In order to have useful abstractions, we have created the following *Python* packages:

- Data: implements the functions for ingesting the input data (Fashion-MNIST images and classes)

- Model: implements the classes and functions for constructing *MLP*s and *CNN*s

- Evaluation: helper methods to evaluate the performance of the models

- Visualization: implements all functions for drawing dataset images, classes distributions and *TensorFlow* history object values (*loss*, *val_loss*, *accuracy*, *val_accuracy* etc.) as graphs

Note that we will be using the *TensorFlow functional API* to build our models, the reason being that it is more flexible for constructing neural network architectures. This flexibility is a non-issue for this assignment, however the knowledge obtained may prove valuable in the future.

## Data ingestion

Initial dimensions of ingested data are as follows:

| Dataset   | Value        	|
|---------	|--------------	|
| X_train 	| (60000, 784) 	|
| y_train 	| (60000,)     	|
| X_test   	| (10000, 784)  |
| y_test   	| (10000,)  	|

We observe that there exist $60000$ training examples and $10000$ test examples. The data features are rolled-out in arrays of shape $28 \times 28 = 784$, $28 \times 28$ being the dimensions of input images.

## Data augmentation

Non-applicable for the scope of thios assignment, as volume of examples seem to be adequate for the task.

## EDA

Brief exploratory data analysis follows below and focuses mainly on getting a feel of the data, as well as making sure that no class imbalance problem exists.
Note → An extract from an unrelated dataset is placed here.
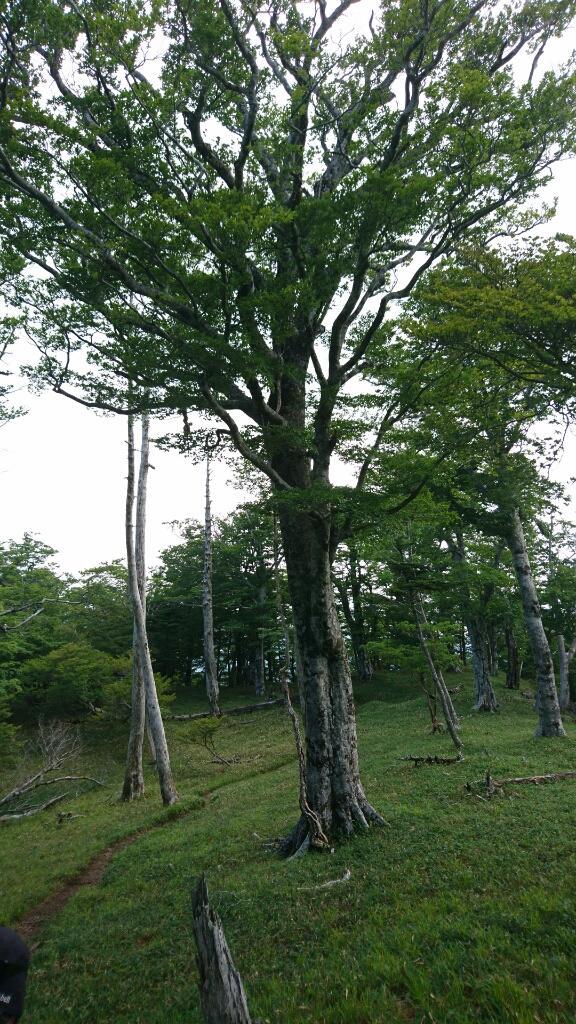 大峰　行者還トンネル東口〜弥山&八経　ピストン_b0148050_20052679.jpg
![First 40 dataset images](images/images.png)

![Train set target class distribution](images/train_set_target_class_distribution.png)

![Test set target class distribution](images/test_set_target_class_distribution.png)
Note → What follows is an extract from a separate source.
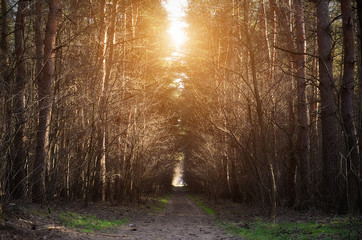 Path in pine forest on a sunny day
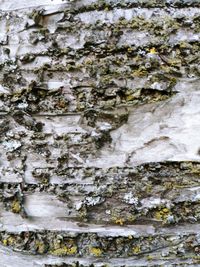 Full frame shot of moss growing on tree trunk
We observe that the distribution of classes in both the training and the test set are uniformly distributed, hence the dataset does not present a class imbalance problem.

## Data preprocessing

### Pixel values normalization

The purpose of normalization is to fit the feature space to $[0, 1]$ because unscaled input variables can result in a slow or unstable learning process. Normalization was achieved simply by dividing each pixel value by $255$ (the maximum pixel value for grayscale images).

## Splitting data into train / dev / test sets

Since our dataset has already been split to train / test sets (*(X_train, y_train)*, *(X_test, y_test)* respectively), we shall proceed further by retaining a percentage ($0.20$) of the test data for creating a *development* set. The *development* set will be used for tuning hyperparameters of the model architectures, so as to acquire a robust model for inference.
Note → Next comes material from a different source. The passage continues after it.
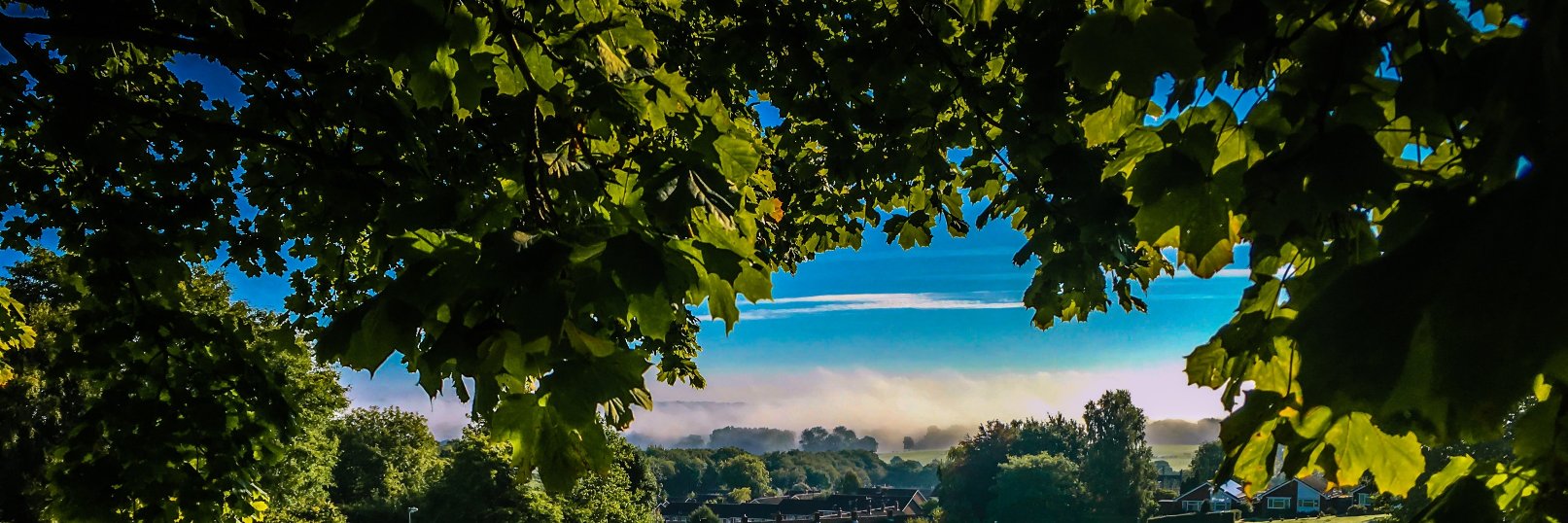sjcook's profile banner image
We shall also be extra careful to retain the uniform nature of the target class distribution so as not to introduce bias. To do this, we shall split the sets in a stratified fashion.

The final splitting of our sets is as follows:

| Set     	| Shape        	|
|---------	|--------------	|
| X_train 	| (48000, 784) 	|
| y_train 	| (48000,)     	|
| X_dev   	| (12000, 784)  	|
| y_dev   	| (12000,)      	|
| X_test  	| (10000, 784)  	|
| y_test  	| (10000,)      	|

![Dev set target class distribution](images/dev_set_target_class_distribution.png)

![Test set target class distribution after splitting](images/split_test_set_target_class_distribution.png)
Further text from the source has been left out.